Dürrenmatt's four detective novels have attained the same international renown as his dramas…. They are, to be sure, typically Dürrenmatt, but in no way do they depart from what one usually expects from a detective story. (p. 48)

Dürrenmatt must have had great fun in writing these novels. It is much easier to insert incidental material in a novel than in a play. In the first half of The Judge, there is not a page without its touch of humor. Dürrenmatt ridicules the police, the people of Bern, the separatists from the Jura Mountains, state officials and their titles, the militarists, Swiss artists, and others. He administers such a heavy dose of symbolism that it becomes parody. (p. 51)

[Protagonist] Bärlach's conversations with Edith Marlok and Emmenberger form the high point of [The Quarry]. Both doctors think, in the truest sense of the word, Dürrenmatt's thoughts. They think and act completely consistently—with horrifying results. Dürrenmatt rejects their actions, but he respects the philosophy that motivates those actions. Bärlach, like Dürrenmatt, has nothing with which to oppose this philosophy—no faith. All that remains for him, if he is honest with himself, is silence. Or else he can, with the Jew, cry out, "Long live mankind!" and add, "But how?" The enigma of existence is man's fate…. (pp. 53-4)

Dürrenmatt's narrative technique in The Pledge is considerably more mature than in his first two novels. [In this novel the] story is being told to Dürrenmatt. Whereas his earlier dialogues were often too long and complicated to be believed as actual conversation, Dürrenmatt now exercises greater discipline and goes so far as to apologize to the reader for changing a word or so of the narrator's account. (p. 56)

Die Panne (Traps, 1956), exists in two versions—as a short novel and as a radio play…. Traps stands apart from the other three novels in that it is not properly a detective novel. (p. 57)

Many things in Traps remind one of Kafka's The Trial; this is especially true of the narrative version. In Kafka's novel the trial and K.'s guilt remain mysterious; perhaps they have to be interpreted theologically. In Dürrenmatt's work, however, Traps is unquestionably guilty, although the court remains grotesque enough. (p. 58)

Dürrenmatt wrote his radio plays during the period when earning money was still very important to him. That they are outstanding examples of their genre is, however, not open to doubt. Dürrenmatt has won some of the most highly respected awards for radio plays: in 1956, the Prize of the War Blind for "Die Panne"; and in 1958, the Prix d'Italia for "Incident at Twilight."

Thematically, "Der Doppelgänger" [The Double] belongs to the world of Die Stadt and the early dramas. A man finds himself suddenly face to face with his double. The double has killed someone, and the court wishes the man to take the guilt upon himself. Like Kafka's K. in The Trial, the man is not acquainted with the court, nor can he comprehend why he should let himself be punished for something he did not do. (p. 62)

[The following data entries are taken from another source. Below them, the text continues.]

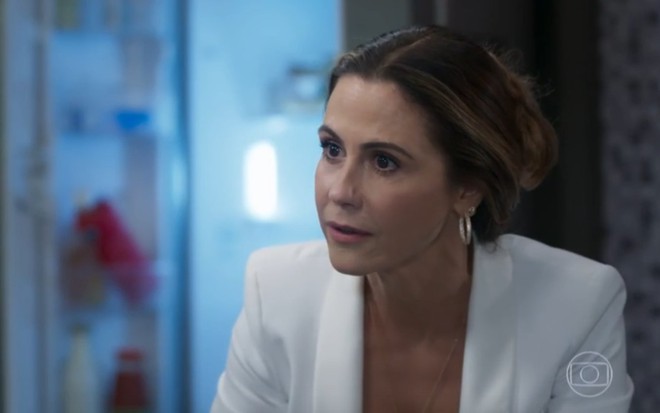 A atriz Guilhermina Guinle com expressão séria, terno branco e coque no cabelo em cena de Salve-se Quem Puder
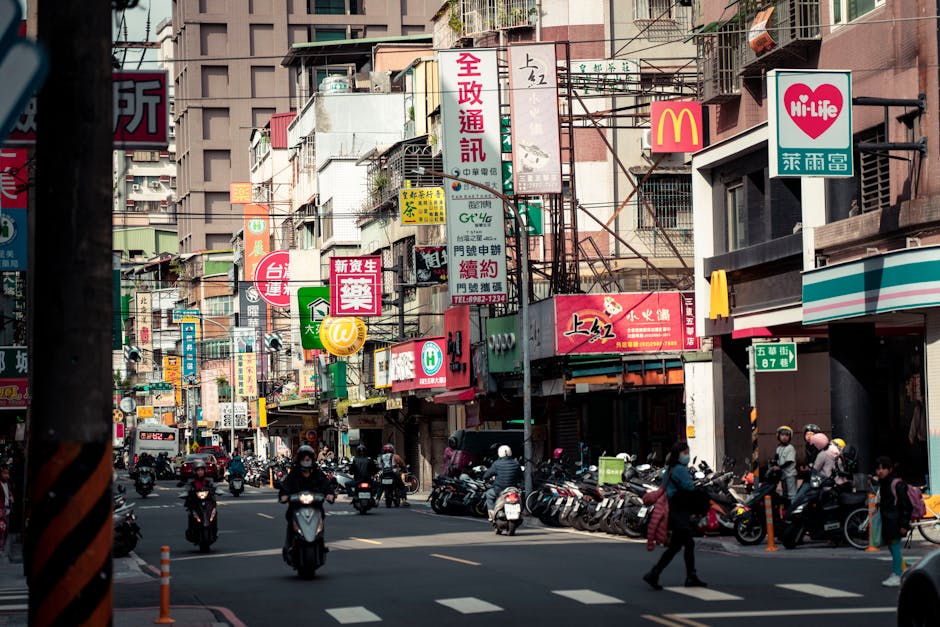 Busy urban street in New Taipei City showcasing local shops, signs, and traffic.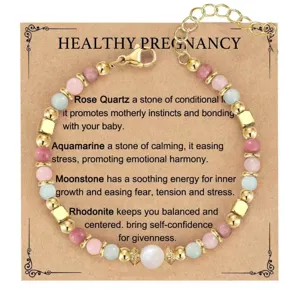 Detail view of healing crystal beaded pregnancy bracelet on descriptive gift card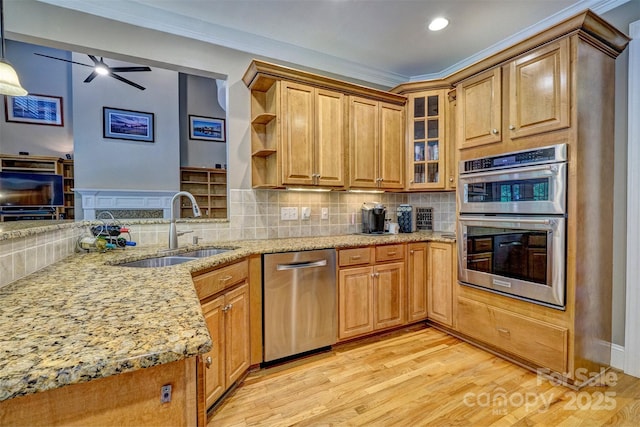 kitchen with kitchen peninsula, stainless steel appliances, sink, light stone counters, and pendant lighting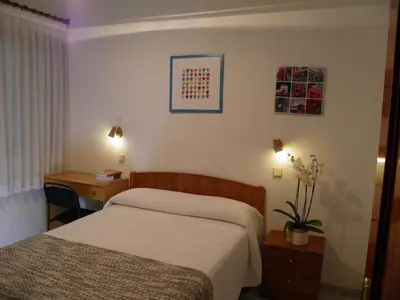 Cama o camas de una habitación en Hostal Angelines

What is the meaning of the play? Dürrenmatt has attempted to observe the human situation through the eyes of neither God nor man, but through those of God's death figure. The heavens are as empty as the little castle in "Der Doppelgänger." God does not exist, or at least he does not let anyone find him. If he did exist, then the individual man—an ant crawling around on the earth—would be completely unimportant to him. The idea that God owes justice to anybody is absurd. (pp. 65-6)

"Incident at Twilight" is a brilliant satire on the writing profession, on Dürrenmatt himself, and above all on biographical criticism. Dürrenmatt purposely puts details of himself in the character of the writer, Maximilian Frederick Korbes (Herr Korbes "must have been an evil man," goes the Grimms' fairy tale). (p. 69)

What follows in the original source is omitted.